When the Ice Age began around 26,000 years ago, these early human populations faced a massive threat — and as a result, they could not survive on much of the European continent. This is where we start to see other major splits in human populations.
“Right after the Last Glacial Maximum, the genetic makeup of the human groups living in the Italian peninsula changed dramatically,” Ludovic Orlando, a molecular archaeologist who wrote a perspective on the new study, told Live Science.
In southern regions, such as the Iberian Peninsula (modern-day Spain and Portugal), the Fournol found refuge from the massive ice walls that dominated the rest of Europe. DNA analysis of a 23,000-year-old human found in a Spanish cave shows that he belonged to the Fournal people residing there before the Ice Age.
As the Ice Age came to an end and much of the ice began melting away, some Fournol descendants left the Iberian Peninsula and spread out, while others remained. Post and his colleagues referred to this northbound population as the GoyetQ2.
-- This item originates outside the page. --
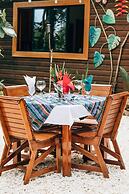 Mariposa Jungle Lodge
There is no evidence, however, to suggest that the Vestonice survived the Ice Age. While they may have survived for a time in Italy, there is no Vestonice ancestry found in any Europeans after the Ice Age. Rather, a new population known as the Villabruna expanded into Europe from the Balkans and effectively replaced the Vestonice.
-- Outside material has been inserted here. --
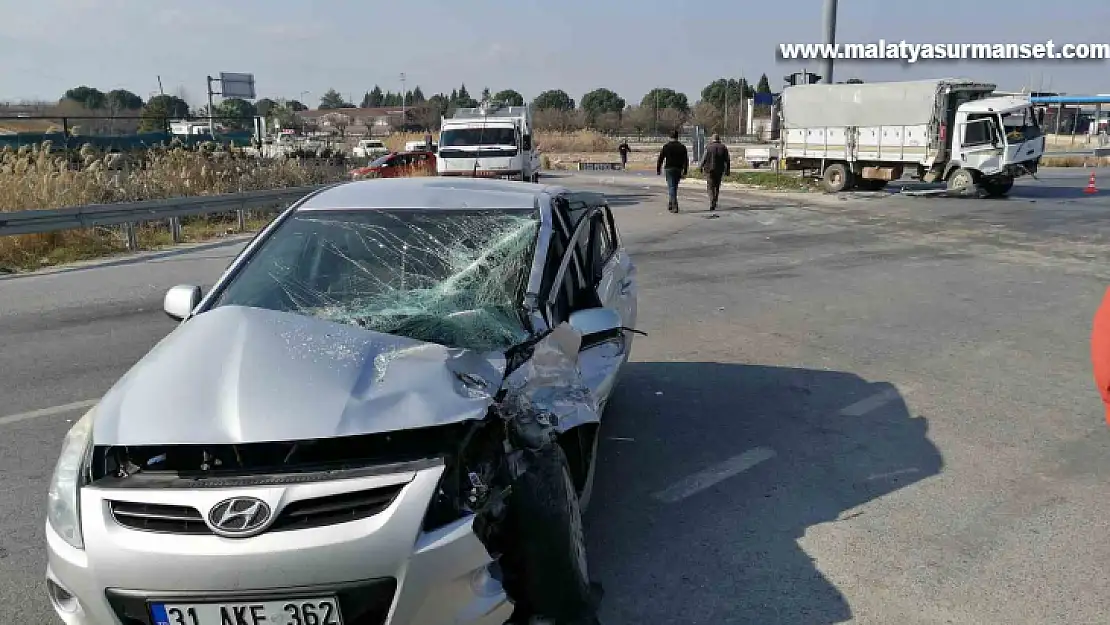 Depremzede aile Manisa'da kaza yaptı: 1 ölü, 5 yaralı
For a time, the GoyetQ2 and the Villabruna were kept at a distance, in large part because of the Alps. Then, around 14,000 years ago, the Villabruna crossed the Alps and came into contact with the GoyetQ2 — and from this meeting, a new population emerged, known as the Oberkassel.
The Oberkassel then expanded across Europe and replaced the GoyetQ2. Post noted that this coincided with another major climate shift around 14,000 years ago that saw the continent warm and produce bountiful forests. It’s possible that the Oberkassel were better suited to hunting in these forests, which could explain why they replaced the GoyetQ2.
From the east, another group emerged, the Sidelkino, whose descendants lived in Ukraine and surrounding regions. The Oberkassel and the Sidelkino encountered one another, but the Iberians remained largely separate from other human groups. The Villabruna, meanwhile, ventured north and merged with the population of northern Spain, rather than replacing them.
Then, the first farmers arrived in Europe from modern-day Turkey around 8,000 years ago. Researchers found that the remaining populations of hunter-gatherers began mixing as they were introduced to agriculture, and were eventually absorbed into the agricultural communities that began dominating Europe.
This new research “considerably extends our knowledge of ancient genome human variation in the deep past of Europe,” Orlando said. “It unveils important changes in the genetic makeup of some regions following major climate changes.”